5. These provisions do not cover cases where:

(a) workers are affected by a recognizable general decline in business activity, such as a recession or by fluctuations in traffic;

(b) the workers affected are casual workers subject to irregular employment because of the nature of the work they perform or seasonal employees outside their normal period of employment;

(c) there is a normal reassignment arising out of the nature of the work in which the employees are engaged.

The issue in this case is whether the discontinuance of Messenger Service on Trains 1 and 2 constituted a "technological, operational and/or organizational change" within the meaning of Article VII, so as to call for the giving of notice to the union under its provisions.

Article VII is, in the respects material to this case, similar in its effect to the provision considered in Case No. 228, and the cases there referred to. As was said there, the abolition of a position is in a narrow sense a change of "operations", but such a change is not necessarily an "operational" change of the sort referred to in Clause 1 of Article VII.

In the instant case messenger service on Trains 1 and 2 was discontinued because the principal reason for the provision of such service was the handling of certain currency shipments from the Bank of Canada, and that reason was removed when the Bank of Canada decided not to forward such shipments by rail. Train messengers were involved with other tasks beside those relating to the currency shipments, but the revenue from such shipments was, in the company’s view, the main justification for their employment. The other traffic continued to be handled after the currency shipments ceased, but it was no longer handled by train messengers.

I cannot accept the company’s argument that the change – that is the discontinuance of messenger service – was not introduced by the company, but rather by the Bank of Canada. Clearly, it was this company which had employed train messengers, and it was this company which decided not to employ them on these trains any longer. Of course it did so because it did not consider it economical to do so, in view of the loss of revenue caused by the withdrawal of the Bank’s business. But it was a decision which this company took, whatever the reasons behind it.

It might seem that what was done here, was like what was done in Case No. 228, in that it was simply a cancellation of certain work, a reduction in the level of operations. The two cases are not, however, strictly analogous for in that case there was a reduction in the amount of service provided, whereas here there was the elimination of a type of service. In any event Case No. 228 came clearly within what was the equivalent of Clause 5 of Article VII in that the change which occurred was brought about by fluctuation of traffic. In the instant case, Clause 5(a) (Clauses 5(b) and 5(c) have no application) refers to cases where "workers are affected by a general decline in business activity, such as a recession or by fluctuations in traffic". Here, there was no "general decline in business activity", nor a "fluctuation in traffic" as that phrase is used in the article. There was a stop to a certain sort of business, and accordingly, the company stopped using a certain classification of employee. This does not, in my view, come within Clause 5 of Article VII of the agreement which governs this case.

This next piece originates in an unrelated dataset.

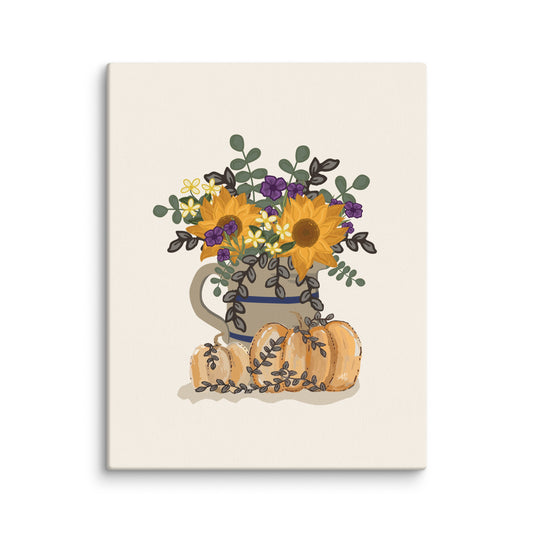 Floral Pitcher Canvas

In my view, the discontinuance of train messenger service on Trains 1 and 2 constituted an "operational and/or organizational" change within the meaning of Clause 1 of Article VII. The case does not come within Clause 5 of the article. Accordingly, it must be concluded that this was a case in which Article VII applied. The grievance is therefore allowed, and it is my award that the proper notice be given.